It's just after the end of the rush. You're trying to get the store put back together, get people off the clock, do cash drops, till changes. Time is flying by, things are chaotic, decisions are being made in split seconds based on routine and a dash of information. To say time is a precious commodity is to call China a well-populated nation.
Jimmy comes up to you, reminding you about the vacation time he wants to use. That means finding the approval form in the office.
Right. Finding...the approval form. In the office.
You walk into the office, and there's papers and small wares everywhere. A new spatula for the promo sandwich starting next week is on the printer. New PoP materials are half out of the envelope, sitting on the desk chair. Cash reports, last week's Key Business Items sheets, applications, employee files, and a coffee cup are all laying at random in the 4 square feet that make up the work area. Post it notes with random, unexplained numbers are stapled to the wall. Notes about schedules, requests, product outages—dammit, looks like you need to find some more ketchup packs to transfer in—are everywhere they'll stick.
The filing cabinet is jammed shut and won't open. That's where the vacation request forms are supposed to be...but considering there's a Gamer's Monthly magazine in the Nightly Paperwork in/out tray, you're fairly sure nothing is in it's right place.
By now, you've got three other employees looking for guidance, a customer wants to “talk to the manager,” and Jimmy needs to go to his second job. Oh well, maybe you can get the form in tomorrow and still be ahead of the cutoff for vacation hours...
You don't have time to hunt for things. Not on the line, where you'd never think about starting the rush with utensils missing and the food in a different spot every day. You have even less time to spend in the office, going “Where are the I-9s? The work permits? I know I have seven orientation packets left...where did they all go?”

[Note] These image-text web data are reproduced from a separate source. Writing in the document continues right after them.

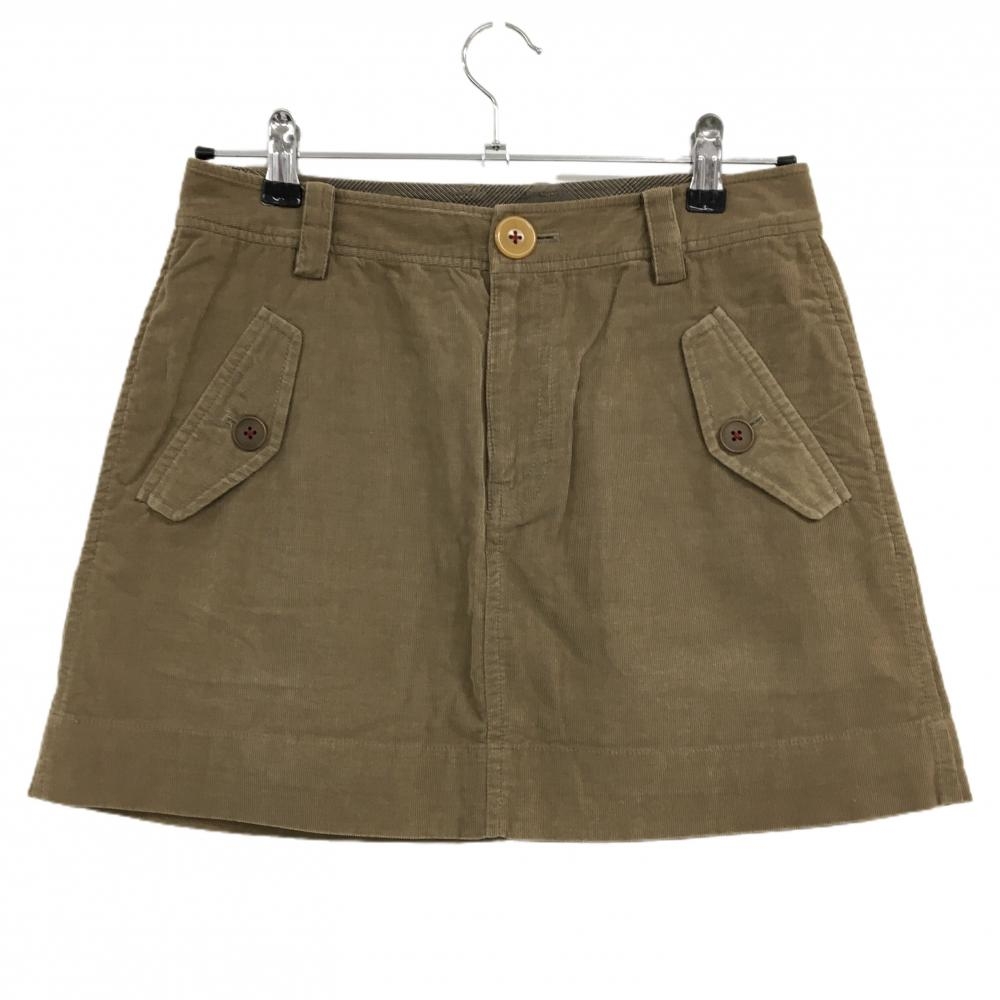 【美品】パーリーゲイツ コーデュロイスカート ブラウン ウール混 レディース 1(M) ゴルフウェア PEARLY GATES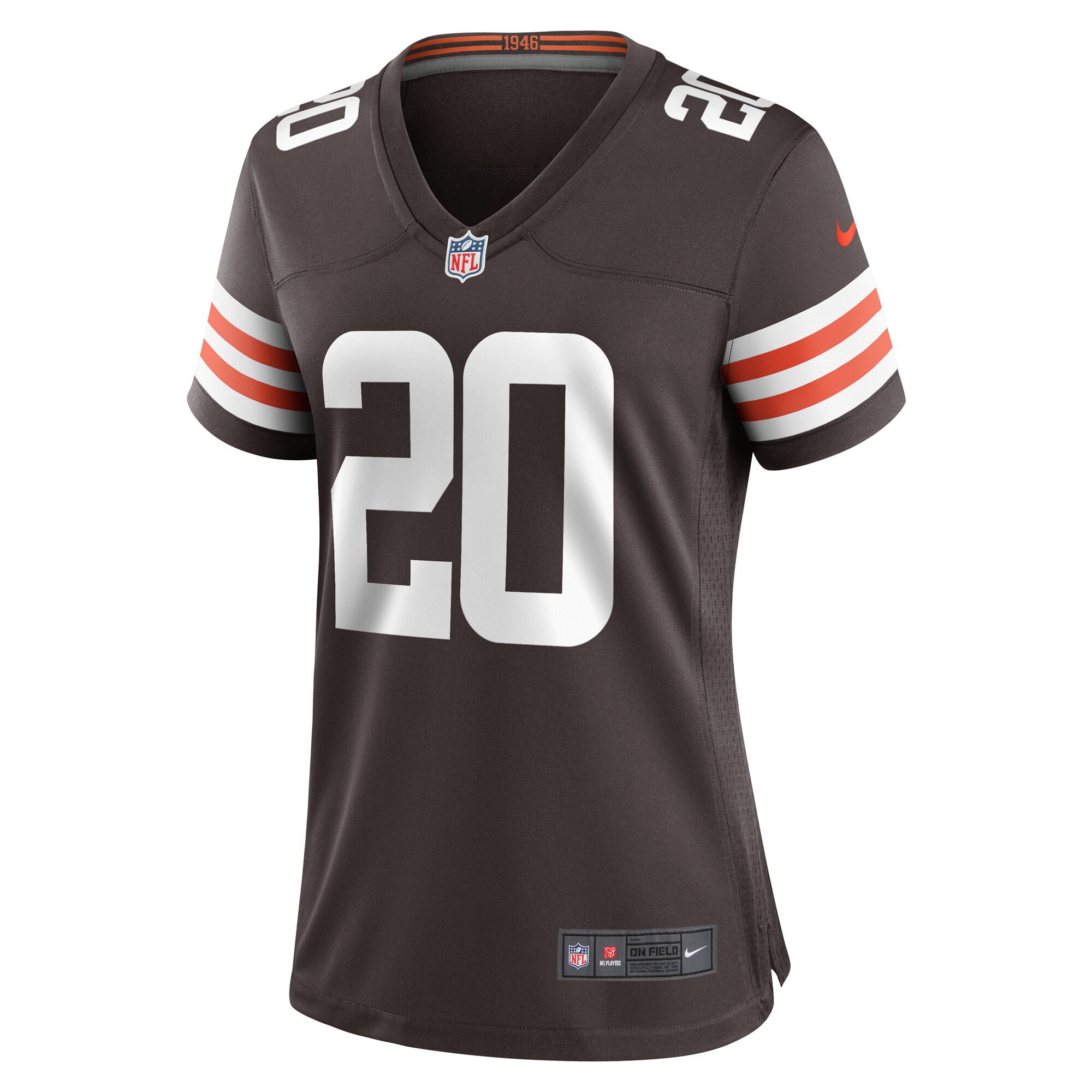 Alternative view of Women's Cleveland Browns Pierre Strong Jr. Brown Team Game Jersey JS6179 nicesnker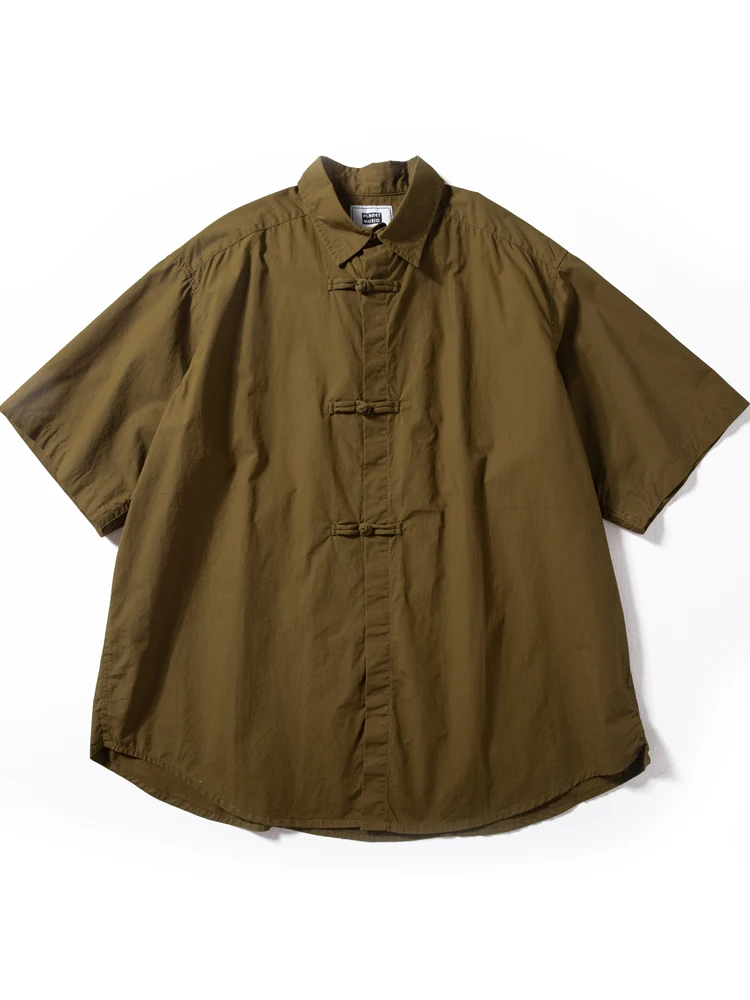 

New Chinese Sle Men's irt Pure Cotton Loose Fit ort Sve Casual Top Breathable Summer Faion Trend Large Size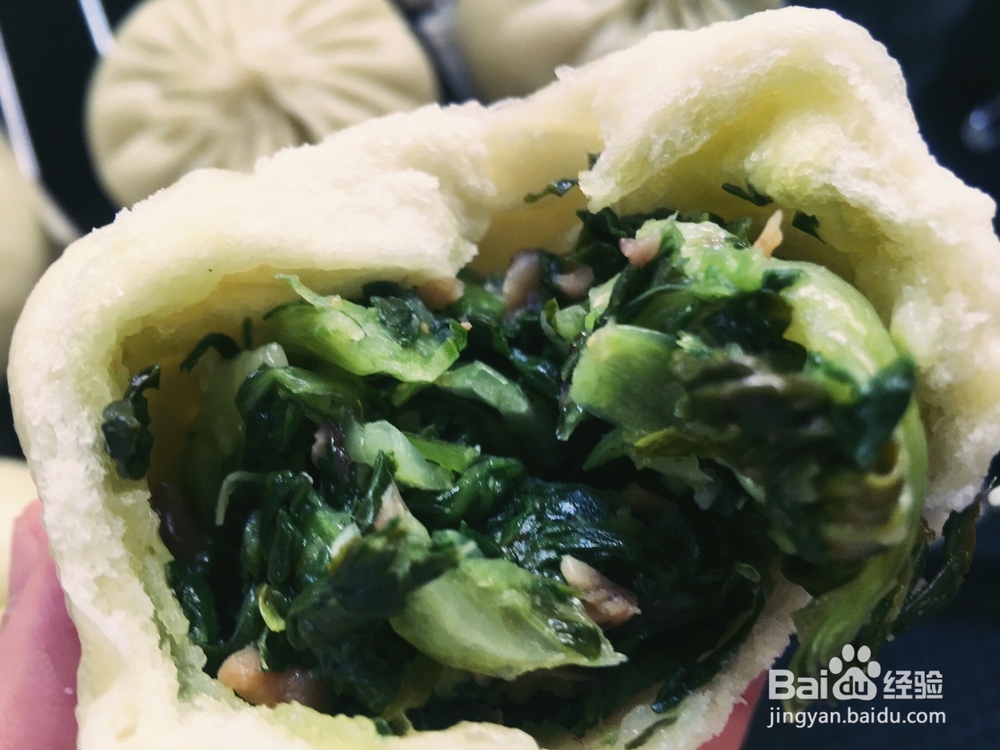 奶奶教你做青菜包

When you have off-line time, it needs to be maximized. Whether you're stepping into the office for a pen or sitting down to do a food order everything needs to be where it can be found. Nothing will destroy your lunch or dinner rush faster than stepping into the office to grab some sort of training aid...and then not coming back for 15 minutes because you had to dig through four drawers to find it.

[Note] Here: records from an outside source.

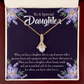 To My Daughter Good Person Daughter Alluring Ribbon Necklace Message Card-Express Your Love Gifts
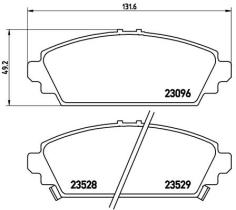 BREMBO P28031 - PASTILLA DE FRENO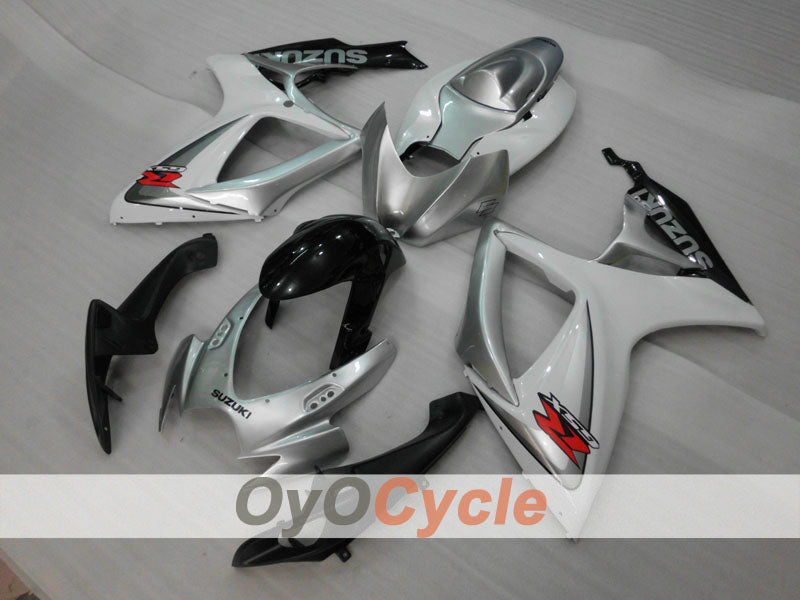 Injection Fairing kit for 06-07 GSX R750 - White, Silver - Factory Style #OYO87901312 Secondary image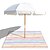 billige Reisevesker-strandmatte, 1 stk strandparaplypute 8 cm hull pluss trykknapp dobbeltsidig strandpute i fløyel / håndklemateriale strandhåndkle fargegeometri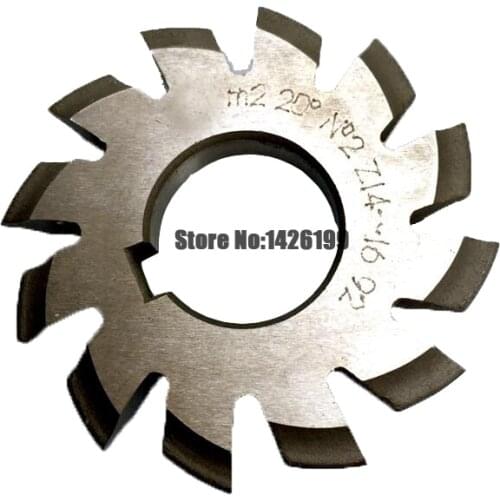 1PCS M0.5 M0.75 M1 M1.25 M1.5 M2 M2.5 M3 M4 M5-M10 Modulus PA20 degrees NO.1-NO.8 HSS Gear Milling cutter Gear cutting tools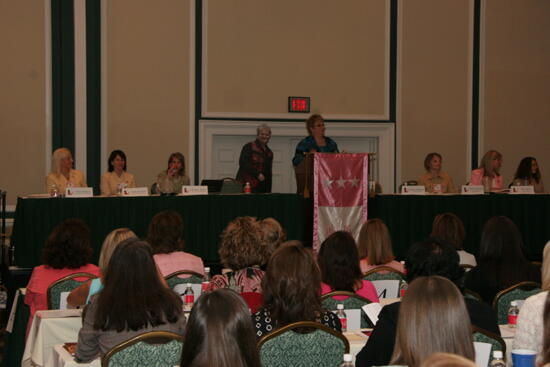 Kathy Williams Speaking at Convention Parade of Flags Photograph, July 2006 (image)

Organize the work place, including your office. This is a challenge in part because most companies don't offer guidance. They assume (correctly) that if you're smart enough to run a multi-million dollar operation on a day-to-day basis, you can keep a tiny closet-sized office tidy. The hard part is the restaurant itself...the office is for people like you to worry about.

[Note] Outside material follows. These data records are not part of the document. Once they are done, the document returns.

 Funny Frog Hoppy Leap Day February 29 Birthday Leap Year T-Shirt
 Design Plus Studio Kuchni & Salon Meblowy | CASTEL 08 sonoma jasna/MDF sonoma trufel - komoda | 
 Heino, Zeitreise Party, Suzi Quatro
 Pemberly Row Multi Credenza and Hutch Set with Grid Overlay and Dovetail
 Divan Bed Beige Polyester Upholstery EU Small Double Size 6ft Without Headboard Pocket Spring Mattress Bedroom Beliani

The other part of the issue is the management team. When you have four or five people using the same space, you'll have problems. Someone doesn't feel the pens should be kept in a holder on the desk—pens should be left in their box in a drawer. Or “I work too hard when I close to put everything back where I got it.”
You're the boss. It's your office. It's gonna be you explaining to your boss why the place is a wreck, or why you haven't filed the XYZ paper (because you have no idea where the blanks are). You're responsible for what goes on the office, and that gives you the authority to say how it goes. That's not the say don't take the management team into account—as with anything, there's no advantage to alienating people. But if you have a part time shift supervisor who refuses to put her nightly paperwork where everyone else does...go ahead and use progressive discipline.
For the love of all things good, lead by example. If you clearly make an organized office a personal priority then it's harder for everyone else to blow it off.
And trust me, you want to make it a personal priority.